"""

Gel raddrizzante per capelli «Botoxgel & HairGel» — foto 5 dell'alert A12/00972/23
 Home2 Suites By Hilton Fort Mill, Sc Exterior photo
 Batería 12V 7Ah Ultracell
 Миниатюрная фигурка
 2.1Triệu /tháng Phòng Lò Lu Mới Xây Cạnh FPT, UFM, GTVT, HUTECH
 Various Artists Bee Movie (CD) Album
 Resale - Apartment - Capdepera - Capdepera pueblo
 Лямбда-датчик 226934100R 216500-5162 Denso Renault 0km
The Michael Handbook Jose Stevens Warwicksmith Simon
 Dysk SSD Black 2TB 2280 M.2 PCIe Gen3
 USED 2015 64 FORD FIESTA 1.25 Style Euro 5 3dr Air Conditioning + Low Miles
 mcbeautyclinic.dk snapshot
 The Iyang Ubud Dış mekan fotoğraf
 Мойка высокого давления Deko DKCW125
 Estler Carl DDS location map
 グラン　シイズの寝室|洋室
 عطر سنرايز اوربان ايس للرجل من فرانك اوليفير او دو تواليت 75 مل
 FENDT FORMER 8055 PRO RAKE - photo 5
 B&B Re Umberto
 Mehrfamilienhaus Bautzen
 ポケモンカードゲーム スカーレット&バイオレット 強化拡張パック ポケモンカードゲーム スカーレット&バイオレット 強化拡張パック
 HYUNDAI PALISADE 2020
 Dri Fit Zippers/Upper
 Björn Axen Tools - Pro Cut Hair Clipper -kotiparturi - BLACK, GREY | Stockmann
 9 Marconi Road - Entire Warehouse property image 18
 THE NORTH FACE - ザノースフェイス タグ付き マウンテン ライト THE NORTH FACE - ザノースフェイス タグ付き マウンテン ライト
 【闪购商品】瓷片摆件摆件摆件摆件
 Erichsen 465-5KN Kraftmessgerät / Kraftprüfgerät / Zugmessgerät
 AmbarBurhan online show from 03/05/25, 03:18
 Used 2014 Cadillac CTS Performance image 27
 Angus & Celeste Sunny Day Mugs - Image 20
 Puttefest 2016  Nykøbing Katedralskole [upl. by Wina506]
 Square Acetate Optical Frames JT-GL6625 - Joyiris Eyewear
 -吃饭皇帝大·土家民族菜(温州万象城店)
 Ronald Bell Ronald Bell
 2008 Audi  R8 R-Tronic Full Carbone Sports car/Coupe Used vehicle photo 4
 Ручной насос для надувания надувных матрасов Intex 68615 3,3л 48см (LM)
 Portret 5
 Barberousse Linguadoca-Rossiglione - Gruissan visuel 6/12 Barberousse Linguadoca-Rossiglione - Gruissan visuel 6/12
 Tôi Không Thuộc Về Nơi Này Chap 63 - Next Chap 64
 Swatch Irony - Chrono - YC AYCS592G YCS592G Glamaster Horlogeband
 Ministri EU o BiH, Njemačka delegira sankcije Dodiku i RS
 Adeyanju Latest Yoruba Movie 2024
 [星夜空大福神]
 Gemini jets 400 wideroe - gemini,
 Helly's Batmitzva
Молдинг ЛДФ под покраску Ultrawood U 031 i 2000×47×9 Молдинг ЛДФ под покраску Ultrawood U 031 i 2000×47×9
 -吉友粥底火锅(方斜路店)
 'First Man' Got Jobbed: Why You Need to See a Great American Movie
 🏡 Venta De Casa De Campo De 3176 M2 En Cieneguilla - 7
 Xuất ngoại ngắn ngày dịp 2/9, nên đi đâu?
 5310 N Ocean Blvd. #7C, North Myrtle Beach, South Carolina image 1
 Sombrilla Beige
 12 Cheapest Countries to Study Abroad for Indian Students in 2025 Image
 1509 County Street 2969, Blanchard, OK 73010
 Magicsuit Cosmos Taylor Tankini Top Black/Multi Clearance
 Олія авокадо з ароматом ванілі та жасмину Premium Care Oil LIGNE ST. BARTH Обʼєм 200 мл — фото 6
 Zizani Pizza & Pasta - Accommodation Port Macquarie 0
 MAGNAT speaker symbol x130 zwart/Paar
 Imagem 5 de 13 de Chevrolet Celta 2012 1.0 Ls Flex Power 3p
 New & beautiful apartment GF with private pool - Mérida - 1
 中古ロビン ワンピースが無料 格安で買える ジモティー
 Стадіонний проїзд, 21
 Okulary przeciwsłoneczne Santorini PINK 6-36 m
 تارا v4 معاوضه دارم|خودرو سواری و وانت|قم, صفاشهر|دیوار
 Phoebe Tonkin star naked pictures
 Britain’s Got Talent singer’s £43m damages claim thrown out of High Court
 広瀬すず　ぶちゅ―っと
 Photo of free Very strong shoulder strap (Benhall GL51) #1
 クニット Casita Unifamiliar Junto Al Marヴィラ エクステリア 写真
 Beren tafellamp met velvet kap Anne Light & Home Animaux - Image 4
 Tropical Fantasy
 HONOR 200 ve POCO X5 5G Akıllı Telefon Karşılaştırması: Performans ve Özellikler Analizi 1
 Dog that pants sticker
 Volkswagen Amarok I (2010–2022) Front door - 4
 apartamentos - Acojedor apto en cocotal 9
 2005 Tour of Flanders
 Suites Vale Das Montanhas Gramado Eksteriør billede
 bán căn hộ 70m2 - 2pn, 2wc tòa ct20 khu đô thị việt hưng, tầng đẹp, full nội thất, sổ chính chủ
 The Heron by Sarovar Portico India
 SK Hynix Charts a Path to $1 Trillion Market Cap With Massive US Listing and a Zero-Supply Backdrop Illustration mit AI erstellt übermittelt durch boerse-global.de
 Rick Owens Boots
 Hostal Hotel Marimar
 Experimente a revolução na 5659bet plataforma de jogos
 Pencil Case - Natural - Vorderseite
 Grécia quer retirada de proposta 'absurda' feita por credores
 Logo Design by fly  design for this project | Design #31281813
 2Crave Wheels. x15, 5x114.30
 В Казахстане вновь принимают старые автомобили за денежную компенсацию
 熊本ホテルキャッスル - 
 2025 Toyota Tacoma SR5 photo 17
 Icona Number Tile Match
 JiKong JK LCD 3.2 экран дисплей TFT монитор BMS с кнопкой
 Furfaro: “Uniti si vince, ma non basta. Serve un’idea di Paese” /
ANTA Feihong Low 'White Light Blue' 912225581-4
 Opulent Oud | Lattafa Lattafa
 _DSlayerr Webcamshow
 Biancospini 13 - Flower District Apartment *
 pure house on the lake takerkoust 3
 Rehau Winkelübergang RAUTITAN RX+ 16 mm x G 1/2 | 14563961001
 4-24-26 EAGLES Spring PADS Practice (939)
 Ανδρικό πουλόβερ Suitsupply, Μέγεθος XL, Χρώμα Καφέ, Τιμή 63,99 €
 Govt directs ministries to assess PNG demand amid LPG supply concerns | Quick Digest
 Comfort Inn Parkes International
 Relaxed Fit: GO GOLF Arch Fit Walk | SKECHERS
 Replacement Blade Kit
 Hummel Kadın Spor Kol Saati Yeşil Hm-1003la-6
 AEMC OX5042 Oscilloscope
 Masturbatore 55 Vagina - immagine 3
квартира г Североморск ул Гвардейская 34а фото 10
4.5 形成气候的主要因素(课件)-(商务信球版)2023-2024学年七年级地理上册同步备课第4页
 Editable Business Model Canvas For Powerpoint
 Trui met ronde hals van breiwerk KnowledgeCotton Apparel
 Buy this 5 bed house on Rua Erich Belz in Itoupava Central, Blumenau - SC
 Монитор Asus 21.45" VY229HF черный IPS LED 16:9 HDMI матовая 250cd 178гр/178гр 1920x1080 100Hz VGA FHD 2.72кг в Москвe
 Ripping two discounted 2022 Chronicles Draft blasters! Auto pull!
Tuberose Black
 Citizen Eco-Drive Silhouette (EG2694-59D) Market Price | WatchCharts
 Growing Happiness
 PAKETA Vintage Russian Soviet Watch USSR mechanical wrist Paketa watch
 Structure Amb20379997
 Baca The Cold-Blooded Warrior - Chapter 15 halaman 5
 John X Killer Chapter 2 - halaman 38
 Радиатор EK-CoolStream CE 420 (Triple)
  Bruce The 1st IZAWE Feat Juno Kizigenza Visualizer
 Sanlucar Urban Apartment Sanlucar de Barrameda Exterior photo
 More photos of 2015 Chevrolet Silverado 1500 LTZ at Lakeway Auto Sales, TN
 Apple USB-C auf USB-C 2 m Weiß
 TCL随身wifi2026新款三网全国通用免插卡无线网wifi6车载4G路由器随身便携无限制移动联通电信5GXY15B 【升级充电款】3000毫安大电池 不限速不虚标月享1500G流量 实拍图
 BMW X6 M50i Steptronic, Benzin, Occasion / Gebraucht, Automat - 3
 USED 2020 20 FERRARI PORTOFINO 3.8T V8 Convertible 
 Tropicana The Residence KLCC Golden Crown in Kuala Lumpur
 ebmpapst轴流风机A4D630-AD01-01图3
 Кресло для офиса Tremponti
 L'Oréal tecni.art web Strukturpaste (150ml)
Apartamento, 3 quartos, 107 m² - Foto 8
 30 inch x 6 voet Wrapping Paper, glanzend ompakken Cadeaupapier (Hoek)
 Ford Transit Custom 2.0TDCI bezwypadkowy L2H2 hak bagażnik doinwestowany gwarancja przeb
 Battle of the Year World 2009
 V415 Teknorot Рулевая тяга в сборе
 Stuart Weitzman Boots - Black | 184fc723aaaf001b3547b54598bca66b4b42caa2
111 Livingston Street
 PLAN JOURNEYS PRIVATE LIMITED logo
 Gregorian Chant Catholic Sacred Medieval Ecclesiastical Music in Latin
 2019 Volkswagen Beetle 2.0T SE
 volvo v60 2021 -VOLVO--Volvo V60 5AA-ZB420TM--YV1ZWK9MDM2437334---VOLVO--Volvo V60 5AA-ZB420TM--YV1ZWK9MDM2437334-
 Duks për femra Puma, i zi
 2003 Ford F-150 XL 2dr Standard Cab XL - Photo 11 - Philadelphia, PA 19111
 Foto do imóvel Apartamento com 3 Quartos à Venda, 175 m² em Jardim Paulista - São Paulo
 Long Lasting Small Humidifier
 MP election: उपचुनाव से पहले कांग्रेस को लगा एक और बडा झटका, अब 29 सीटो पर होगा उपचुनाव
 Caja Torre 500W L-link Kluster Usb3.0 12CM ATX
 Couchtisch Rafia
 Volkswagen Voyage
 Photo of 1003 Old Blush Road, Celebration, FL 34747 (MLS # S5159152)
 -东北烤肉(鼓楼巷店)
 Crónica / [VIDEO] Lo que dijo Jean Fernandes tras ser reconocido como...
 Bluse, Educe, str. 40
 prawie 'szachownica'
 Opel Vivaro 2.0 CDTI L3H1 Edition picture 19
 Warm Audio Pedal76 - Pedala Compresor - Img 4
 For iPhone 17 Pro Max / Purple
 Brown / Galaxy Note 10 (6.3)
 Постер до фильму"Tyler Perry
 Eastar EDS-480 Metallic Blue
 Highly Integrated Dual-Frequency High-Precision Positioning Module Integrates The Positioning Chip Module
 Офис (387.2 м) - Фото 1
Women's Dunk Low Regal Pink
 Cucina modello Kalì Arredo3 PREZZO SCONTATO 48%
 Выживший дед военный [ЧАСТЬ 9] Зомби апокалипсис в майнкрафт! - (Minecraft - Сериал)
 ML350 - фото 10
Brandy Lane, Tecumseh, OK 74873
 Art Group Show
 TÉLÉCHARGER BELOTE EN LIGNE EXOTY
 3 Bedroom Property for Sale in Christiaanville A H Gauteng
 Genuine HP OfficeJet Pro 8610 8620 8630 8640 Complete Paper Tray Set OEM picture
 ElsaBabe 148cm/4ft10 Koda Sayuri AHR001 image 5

"""

In your reply, restate exactly the lines from the start of the records above through the line holding "vehicle photo 4", including both, and nothing else.

Gel raddrizzante per capelli «Botoxgel & HairGel» — foto 5 dell'alert A12/00972/23
 Home2 Suites By Hilton Fort Mill, Sc Exterior photo
 Batería 12V 7Ah Ultracell
 Миниатюрная фигурка
 2.1Triệu /tháng Phòng Lò Lu Mới Xây Cạnh FPT, UFM, GTVT, HUTECH
 Various Artists Bee Movie (CD) Album
 Resale - Apartment - Capdepera - Capdepera pueblo
 Лямбда-датчик 226934100R 216500-5162 Denso Renault 0km
The Michael Handbook Jose Stevens Warwicksmith Simon
 Dysk SSD Black 2TB 2280 M.2 PCIe Gen3
 USED 2015 64 FORD FIESTA 1.25 Style Euro 5 3dr Air Conditioning + Low Miles
 mcbeautyclinic.dk snapshot
 The Iyang Ubud Dış mekan fotoğraf
 Мойка высокого давления Deko DKCW125
 Estler Carl DDS location map
 グラン　シイズの寝室|洋室
 عطر سنرايز اوربان ايس للرجل من فرانك اوليفير او دو تواليت 75 مل
 FENDT FORMER 8055 PRO RAKE - photo 5
 B&B Re Umberto
 Mehrfamilienhaus Bautzen
 ポケモンカードゲーム スカーレット&バイオレット 強化拡張パック ポケモンカードゲーム スカーレット&バイオレット 強化拡張パック
 HYUNDAI PALISADE 2020
 Dri Fit Zippers/Upper
 Björn Axen Tools - Pro Cut Hair Clipper -kotiparturi - BLACK, GREY | Stockmann
 9 Marconi Road - Entire Warehouse property image 18
 THE NORTH FACE - ザノースフェイス タグ付き マウンテン ライト THE NORTH FACE - ザノースフェイス タグ付き マウンテン ライト
 【闪购商品】瓷片摆件摆件摆件摆件
 Erichsen 465-5KN Kraftmessgerät / Kraftprüfgerät / Zugmessgerät
 AmbarBurhan online show from 03/05/25, 03:18
 Used 2014 Cadillac CTS Performance image 27
 Angus & Celeste Sunny Day Mugs - Image 20
 Puttefest 2016  Nykøbing Katedralskole [upl. by Wina506]
 Square Acetate Optical Frames JT-GL6625 - Joyiris Eyewear
 -吃饭皇帝大·土家民族菜(温州万象城店)
 Ronald Bell Ronald Bell
 2008 Audi  R8 R-Tronic Full Carbone Sports car/Coupe Used vehicle photo 4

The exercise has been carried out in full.